Should you use DIY market research tools?

A market research innovation has occurred over the past decade that is talked about in hushed tones among research suppliers:  the rise of DIY market research tools. Researchers and clients need to become more educated on what these DIY tools are and when it is appropriate to used them.

DIY tools come in a number of flavors. At their core, they allow anybody to log into a system, author a survey, select sample parameters, and hit “go.” Many also provide the ability to tabulate data and graph results. These tools reduce the complexity of fielding studies. For the most part, these tools are created by outside panel and research technology companies but some end clients have invested in their own tools.

Many research suppliers view DIY tools as an existential threat. After all, if clients can do all this themselves what do they need us for? Will our fielding and programming departments become obsolete? Will we have a large portion of what we do automated?

Maybe. But more likely our fielding and programming departments will become smaller and have to adapt to a changing technological world.

There is a clear analogy here to DIY household projects. The tools and materials needed for most home improvement projects are available at big box retailers. Some homeowners are well-equipped to take on projects themselves, others are not, and the key to a successful project is often understanding when it is important to call for professional help. The same is true for market research projects.

Where the analogy fails is when you take on a project you aren’t equipped to handle. If it is a home project you will probably discover that you got in a bit over your head along the way. In market research, however, you can complete an entire project that has serious errors in it but never really notice. The project will result in sub-optimal decision making and nobody may really notice.

In days gone by, the decision of whether to use a research supplier or not was straightforward. If the project was meaningful or complex, clients used suppliers. For many projects, the choice used to be between using a supplier or not doing the project at all. The rise of DIY tools has changed that.

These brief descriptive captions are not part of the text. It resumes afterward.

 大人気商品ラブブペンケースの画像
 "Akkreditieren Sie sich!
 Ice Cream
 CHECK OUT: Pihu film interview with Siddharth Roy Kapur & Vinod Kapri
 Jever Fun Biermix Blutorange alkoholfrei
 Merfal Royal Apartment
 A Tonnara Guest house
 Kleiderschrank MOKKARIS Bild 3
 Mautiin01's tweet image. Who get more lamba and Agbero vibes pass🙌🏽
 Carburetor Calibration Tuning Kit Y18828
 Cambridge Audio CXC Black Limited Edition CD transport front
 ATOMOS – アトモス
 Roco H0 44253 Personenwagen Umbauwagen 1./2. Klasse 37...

Here are some instances where DIY research makes sense:

  • If the project is relatively simple. By simple, we mean from both a questionnaire design and a sampling perspective.
  • If the risk of making a suboptimal decision based on the information is low. Perhaps the best aspect of DIY tools is they permit clients to research issues that otherwise may have gone unresearched because of time and budget considerations.
  • When getting it done quickly is important. For many projects, there is something to be said for getting it 90% right and getting it done today rather than taking months to get it perfect.
  • If you have someone with supplier-side experience on staff. Suppliers are likely to be a bit more attuned to the nuances of study design and may notice mistakes others might miss.
  • If you have thought through the potential limitations of the DIY approach and have communicated this to your internal client.
  • When you are using the DIY project to pre-test or pilot a study. This is an excellent use of DIY tools: to be sure your questioning and scales are going to work before committing significant resources to a project. A DIY project can make the subsequent project more efficient.

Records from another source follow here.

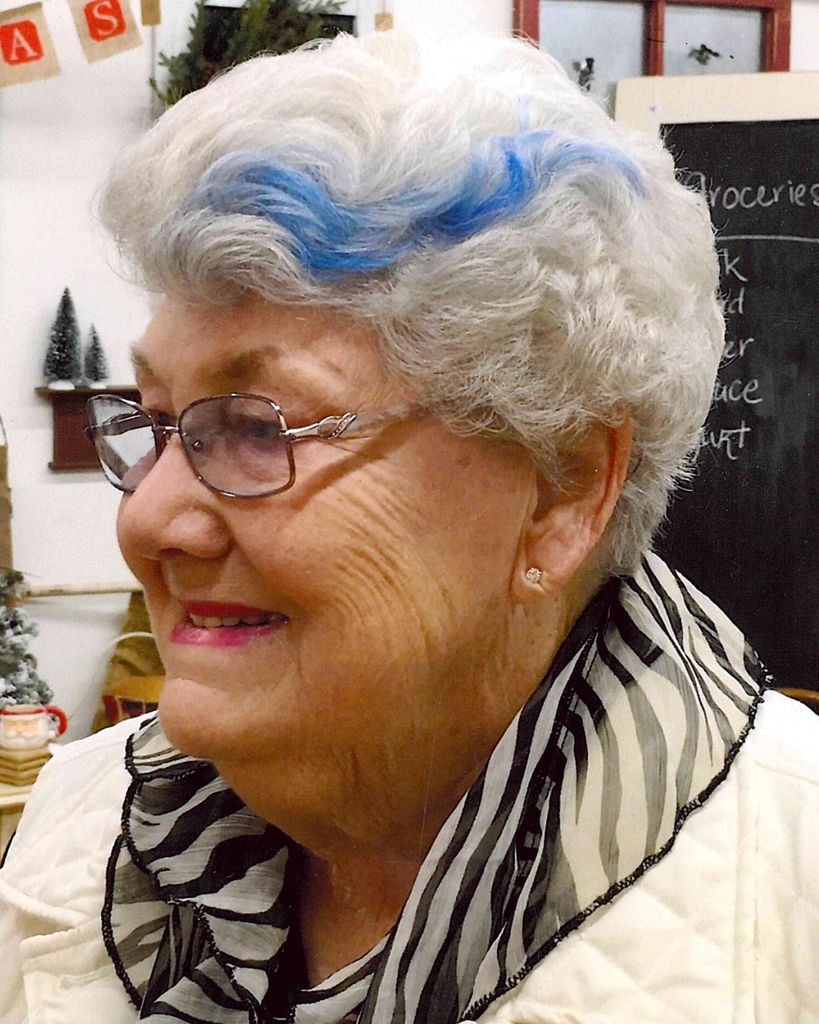 Wanda Fern Alderman Profile Photo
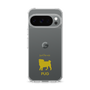 Slim Protection Case［ &UCHINOCO - Pug ］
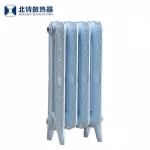 cheap price pig iron radiator 500/hot water Radiator MC140/cast iron steam radiator Russia/Ukraine/Turkey,big manufacturer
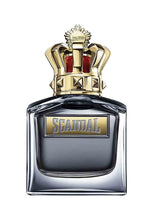 Cargar imagen en el visor de la galería, Perfume para hombre Jean Paul Gaultier Scandal Pour Homme EDT
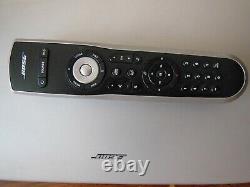 Bose Lifestyle T20 Home Cinema System. Fully Working Order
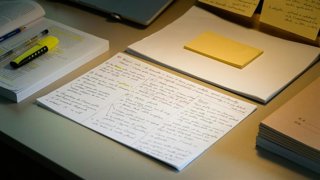 Cómo estudiar para aprobar unas oposiciones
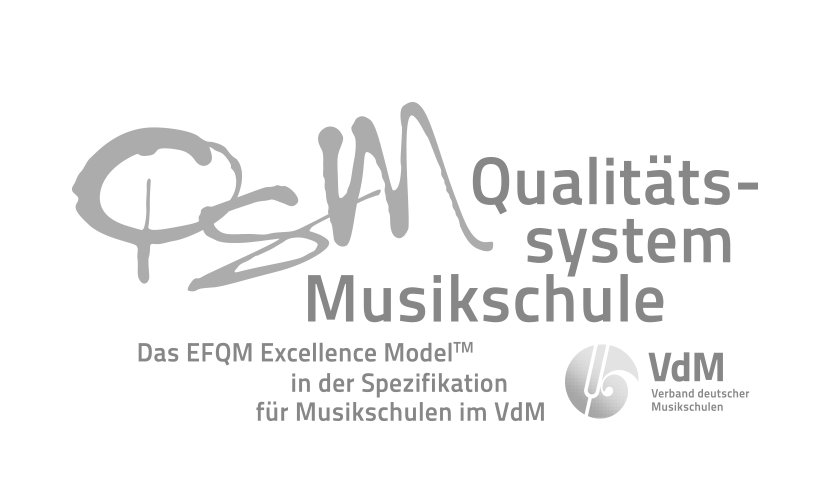 Qualitätssystem Musikschule - QsM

Here are cases when we would caution against using DIY tools:

  • If a consequential decision will be made based on the results. Having the backing of a third-party supplier is important in this case and the investment is likely worth it.
  • When research results need to motivate people internally. Internal decision makers will typically listen more to research results if the study was conducted by a third-party.
  • When a broader perspective is needed. As a client, you know your firm and industry better than most suppliers will. But there are many times when having a broader perspective on a project provides substantial value to it.
  • If the sampling is complicated. If your target audience is obscure and hard to define in a few words, suppliers can be very helpful in getting your sampling right. In a previous post we mention that it is the sampling aspects of projects that most clients don’t think through enough. We have found that the most serious mistakes made in market research deal with sampling, and often these mistakes are hard to notice.
  • If you are conducting a business-to-business study. DIY sampling resources aren’t yet of the same quality for b-to-b research as they are for consumer studies.

DIY studies clearly have their place. They will augment current studies in some cases and replace them in others. I don’t see them as a threat to the highly-customized types of studies Crux Research tends to conduct. Market research spending will continue to grow slowly, but less will be spent on data collection and more on higher value-added aspects of projects.

In the 30 years I have worked in research, the cost of data collection has dropped considerably – I’d say it is about one-third what it used to be. But, during this time the price of research projects has increased. The implication is that clients have come to value the consultative aspects of studies more and have become more reliant on their suppliers to do things that previously clients did for themselves.

That presents a bit of a conundrum: clients are outsourcing more to suppliers at a time when tools are being developed that allow them to do many projects without a supplier. For many clients, money and time would be saved by hiring someone on staff that knows how to use these tools recognizes when a third-party supplier is necessary.